Tesla Owners Online Forum banner
1 - 13 of 13 Posts

· Registered
Joined
·
1 Posts
Discussion Starter · #1 ·
Hello, my model 3 started showing the clock time 7 hours ahead. I already tried resetting the clock by touching the time text for 5-10 seconds and it happens to update temporarily while I'm driving. After I go up and down, my model 6 shows the time 7 hours ahead again. It seems to me this started after an update 3-4 weeks ago. I have not found anyone to help me solve this problem. What dou you recommend? Other than taking the car to Germany of course.
 

· Super Moderator
Joined
·
18,120 Posts
See if this helps.
Just FYI in case, your clock shows the wrong time. In AZ we don't change for Daylight Savings time but my clock did.

Just press and hold the time shown for about 5 seconds and it will re-sync to local time.

I've also heard that sometimes a reset is required using the trusted dual-thumb Tesla Salute.
 

· Registered
Joined
·
4,437 Posts
Make sure you're on wifi to reset the time - AT&T (the US cellular provider for Tesla) does not have reliable tower time.
 

· Registered
Joined
·
4,437 Posts
Does Tesla set time from the mobile network, or from GPS?
I haven't been able to find any definitive answer.
Since the cars essentially have internet access, it probably first pings one of the usual NTP servers by whatever internet connection is available (LTE or Wifi). Since LTE is a little slow to wake up its internet connection, if there isn't wifi or LTE, it might start with the tower timestamp picked up during registration. If it uses GPS clock at all, it's probably the last resort since it's not always "visible", like if you park in a garage.

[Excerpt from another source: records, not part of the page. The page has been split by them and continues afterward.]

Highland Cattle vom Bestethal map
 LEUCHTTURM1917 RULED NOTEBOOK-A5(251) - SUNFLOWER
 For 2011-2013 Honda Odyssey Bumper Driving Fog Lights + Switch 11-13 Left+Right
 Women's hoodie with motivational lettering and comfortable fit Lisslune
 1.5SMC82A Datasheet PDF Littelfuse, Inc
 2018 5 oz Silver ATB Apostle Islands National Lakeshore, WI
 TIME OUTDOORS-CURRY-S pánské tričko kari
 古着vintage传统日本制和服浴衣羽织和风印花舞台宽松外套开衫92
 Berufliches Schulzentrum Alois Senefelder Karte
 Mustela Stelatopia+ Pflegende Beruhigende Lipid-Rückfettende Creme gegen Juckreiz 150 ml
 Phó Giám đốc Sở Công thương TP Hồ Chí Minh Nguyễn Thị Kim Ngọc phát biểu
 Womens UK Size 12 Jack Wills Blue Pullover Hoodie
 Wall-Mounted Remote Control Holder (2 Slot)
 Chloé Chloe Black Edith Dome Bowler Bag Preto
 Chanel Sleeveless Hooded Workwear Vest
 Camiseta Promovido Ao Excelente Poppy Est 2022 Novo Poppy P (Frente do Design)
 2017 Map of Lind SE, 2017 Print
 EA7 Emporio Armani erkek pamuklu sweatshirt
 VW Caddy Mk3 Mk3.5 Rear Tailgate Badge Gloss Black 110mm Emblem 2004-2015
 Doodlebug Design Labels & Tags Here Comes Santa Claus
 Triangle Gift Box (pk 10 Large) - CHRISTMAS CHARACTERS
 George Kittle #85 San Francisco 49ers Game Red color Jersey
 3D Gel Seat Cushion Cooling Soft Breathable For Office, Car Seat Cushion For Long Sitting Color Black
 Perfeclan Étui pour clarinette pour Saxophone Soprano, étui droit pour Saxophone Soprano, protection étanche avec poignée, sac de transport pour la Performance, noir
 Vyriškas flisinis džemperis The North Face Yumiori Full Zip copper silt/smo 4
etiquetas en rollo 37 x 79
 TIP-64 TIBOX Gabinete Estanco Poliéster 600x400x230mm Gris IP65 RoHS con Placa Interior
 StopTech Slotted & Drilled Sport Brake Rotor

Those guesses are based on the fact that I remember when I had an AT&T non-iPhone, the clock would be messed up for a while every time DST changes occurred (the iPhone uses Apple's NTP server), and therefore is the most likely source of incorrect time.
 

· Registered
Joined
·
2,436 Posts
Does Tesla set time from the mobile network, or from GPS?
I haven't been able to find any definitive answer.
It's cellular. When crossing time zones, it does not change time immediately, so it's not in the map. Cellular is the only network that effectively knows where you are kind of at. And each site broadcasts the time for that site, which is why it isn't an immediate change as you cross the time zone. You've got to switch to a cellular site in the next time zone before the time changes.

Just like your cellphone.
 

· Registered
Joined
·
4,437 Posts
It probably is obtained from the cellular network, but GPS lets the car know precisely where it's located, so the only other info required would be time-zone boundaries.
GPS is fixed UTC time, but the way it works is kind of interesting and does not even require an onboard clock on the receiver at all. It computes where you are by computing your distance from each satellite in view by the clock drift from each one, combined with a known orbital track, via a lot of heavy trigonometry. It’s basically 4 dimensional (3 coordinates in space plus speed and time) triangulation.
 

· Registered
Joined
·
4,437 Posts
Sure, but it also gives your precise position. Given your position and a time zone map, it would be easy to use only GPS to obtain local time.
I hear that's how it works in some kinds of aircraft, but I guess the commodity chipsets and software for cars and phones hasn't caught up yet.
 

· Registered
Joined
·
2,436 Posts
Sure, but it also gives your precise position. Given your position and a time zone map, it would be easy to use only GPS to obtain local time.
Sure, but I'm but that takes quite a bit of work to do. Not only do you have to worry about the boundaries of the time zones, you have to worry about whether the area that you are in is observing Saving Time and then what day they switch to Saving Time.
Microsoft has an entire group of people that try to keep up with this worldwide, it's far from a static algorithm.